With the exception of downloads or possibly a few virtual reality or augmented reality apps, consumer interactions with web sites or apps will not be perceptibly better, as 4G generally supports all the apps people generally use.
As the user of a gigabit per second connection, in daily use, cannot actually provide perceptible or actual end user experience benefits beyond perhaps 25 Mbps to 50 Mbps per device, so will the additional 5G performance using millimeter wave spectrum be undetectable, even when available.
That is especially true where advanced 4G is available, and where users own devices able to use advanced 4G.
It is conceivable that 5G experience will provide experience benefits, though. That might be the case where 4G is challenged by terrain or other issues, and 5G is transmitted using different cell locations that are not limited by terrain or other issues.
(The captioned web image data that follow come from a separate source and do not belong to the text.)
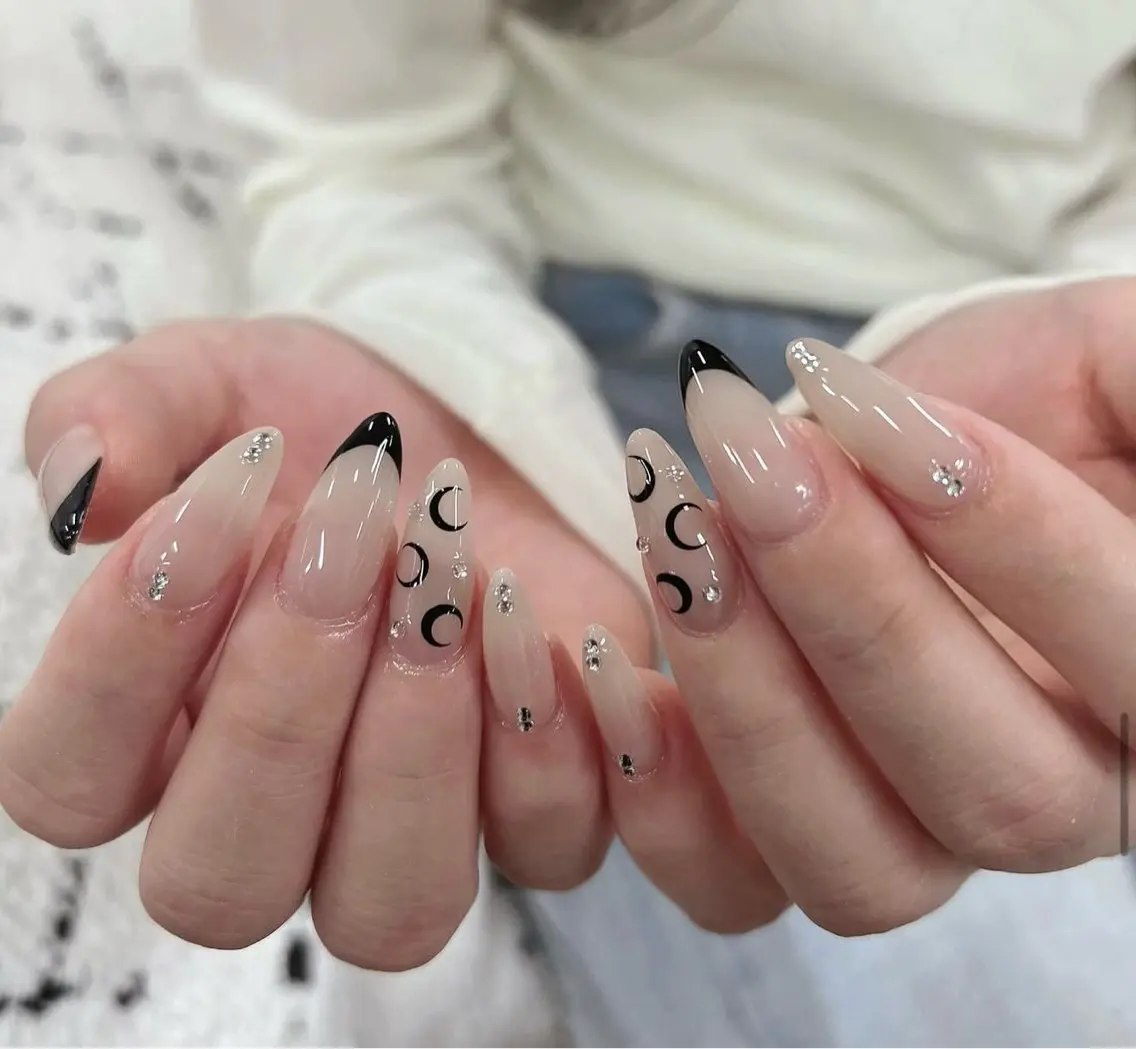 ネイル RE Nail 🎀Rin🧸のネイルデザイン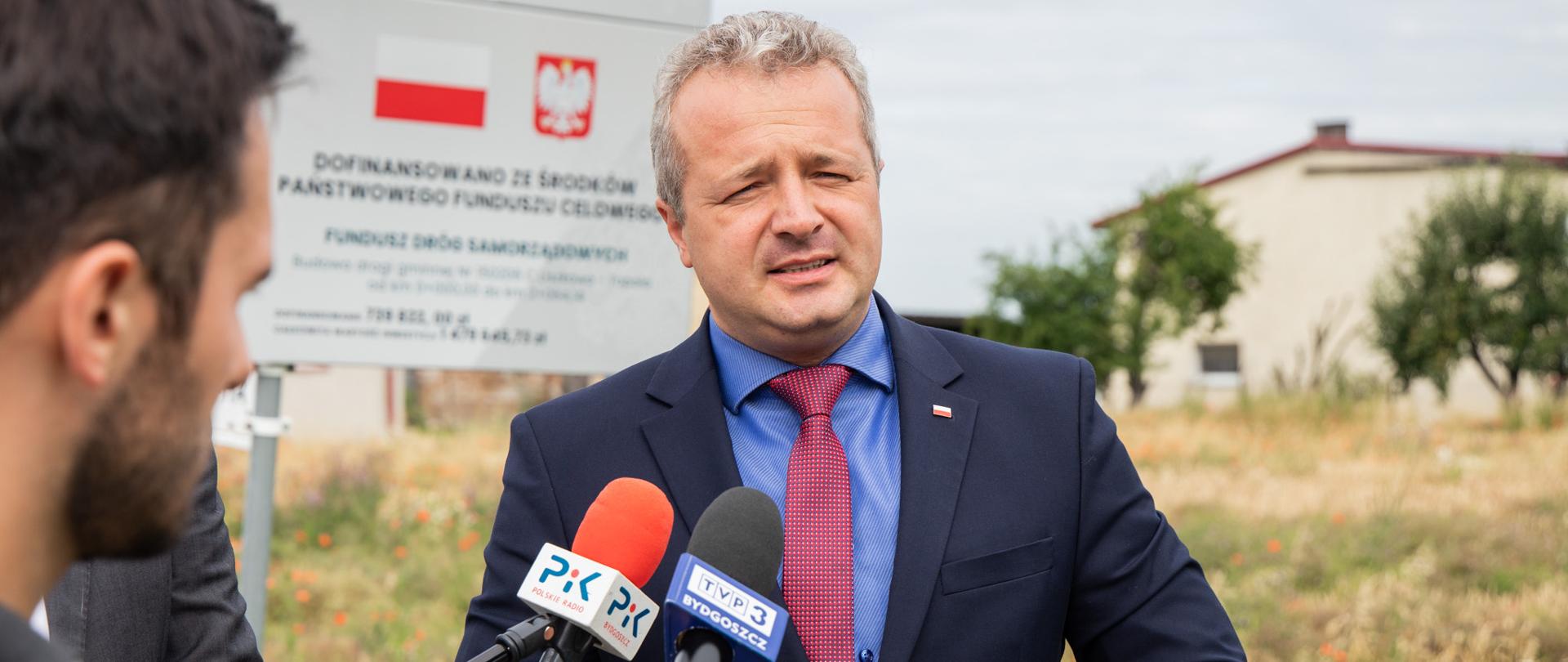 Jeden mężczyzna wypowiadający się do mikrofonów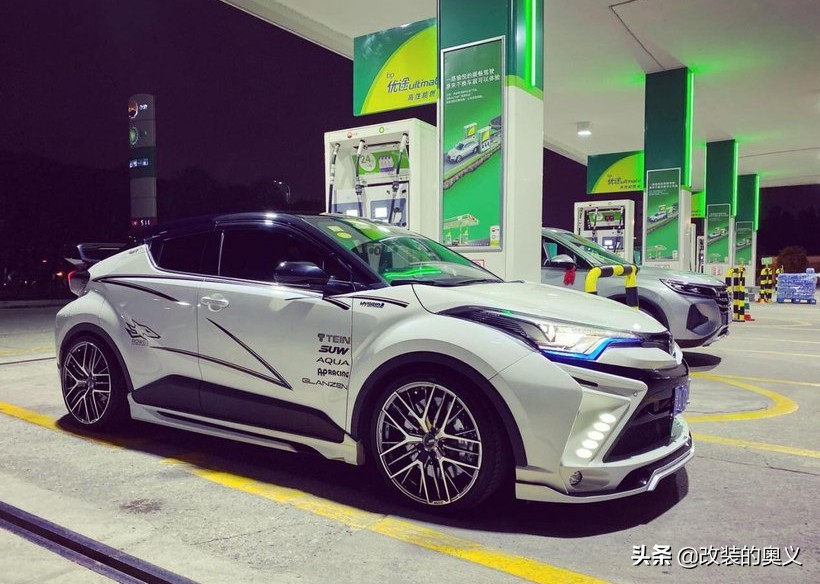 造型更前卫2分钟看懂全新丰田c-hr,改装经历分享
In such cases, it is more the better coverage and stronger signal that matter, and less the network protocols (4G or 5G).
Beyond that, since 5G uses such a huge range of potential frequencies, since different service providers have different amounts of such spectrum to use, and because frequency agility adds cost to any device, early 5G devices will not automatically support all 5G frequencies.
That is not a new problem. In the 4G era, mobile service providers had licenses for different frequencies, so not every mobile device was able to use every frequency, on every network.
While not a new problem--as every U.S. device has had to be optimized for the particular frequencies used by each major carrier, this will be a bigger problem in the 5G era, early on, since full frequency agility adds device cost, and 5G is the first mobile generation to literally use “any frequency.” That means different carriers will launch on different mixes of low, mid-band and high-frequencies.
The OnePlus device for T-Mobile US 5G only can use low-band, specifically the 600-MHz frequencies T-Mobile has used to initially provide 5G services, and specifically does not support millimeter wave frequencies.
The Samsung Galaxy Note 10+ 5G supports low-band and millimeter wave, though. The Samsung Galaxy S10 5G supports millimeter wave 5G, but not the
On Sprint’s 5G network, the LG V50 ThinQ uses the mid-band spectrum. The Motorola Moto Mod runs on millimeter wave frequencies on Verizon’s network.